I saw him for 2 years and have endured nothing but heartaches. I struggled to get to work, meet other people, and feeling good about myself. Often, I feel unwanted and unloved. I tried to date other people but my heart had no room for others. I guess my dates could tell that I was not into them. Although at times, it makes them work harder to be with me, I honestly found that kind of behaviour nothing but annoying. I had no room for other men other than him. The relationship had endured a lot of ups and downs over the years, and I’m exhausted about investing my heart and energy into something that not only fail to generate any return, but actually harms me!
I met with him yesterday for the first time in a month and he was extremely cold to me. He even told me to find someone else.

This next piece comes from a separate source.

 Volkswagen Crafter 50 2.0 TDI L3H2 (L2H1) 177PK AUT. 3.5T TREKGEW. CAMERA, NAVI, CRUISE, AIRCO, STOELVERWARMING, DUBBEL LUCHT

It was callous. I went home and cried. This is not the first time I have experienced heartache. I know this relationship cannot go on like this. I know I have to let him go. And so I started this blog to document how I survive this ordeal from Day 1. I hope in writing and expressing myself, I will find some relief. And I hope that anyone who is reading this diary will take comfort in knowing that you are not alone. Many of us struggle through such experience. We will get through this… we must… we have no choice.. We deserve a better future.
The first thing I did was cry. I let it all out. I cried and feel all the sadness inside my heart. All the broken dreams and expectations unmet, I let it all out of the system. I could not eat and hardly slept. I woke up every 2 hours at night. I finally found some relief through meditation. I focused my mind on my breath only, and was able to sleep for 4 hours.
I was exhausted from crying and my eyes were all puffy. I called into sick as I don’t think I could sit at work for 8 hours without crying again. I read some articles on how to let go, and one thing that stood out was “If it was meant to be, it will come back to you”. I guess there are many things that are out of our control…. I cannot make him love me…. what I could do, however, is I can choose to love myself.
I texted him saying I am doing OK….I will focus on myself and one day, you will see what you are missing. I then got out of bed and decided that the best “revenge” is to improve myself. There are 3 things I’m aiming for: Beauty, Money, and Love. I will do all these things for myself in order to make myself happy. I then spent the next hour talking to my friends over text. I know my friend genuinely cares for me, and I was happy that he took the time to listen and cheered me up. I started to feel a little bit better.
I know, however, talking with friends is only a temporary solution. Once the conversation is over, I’d feel lonely again. I had all these love and energy that was rejected by the guy.. where should I pour them toward? I decided to start this blog. It’s been helping me today whenever I feel desperate and upset. I still miss him and think about him from time to time, but I try to redirect my mind and focus on my blog. I will focus on this until I feel stronger… I want to be so strong that I can also help others to get pass this tough time.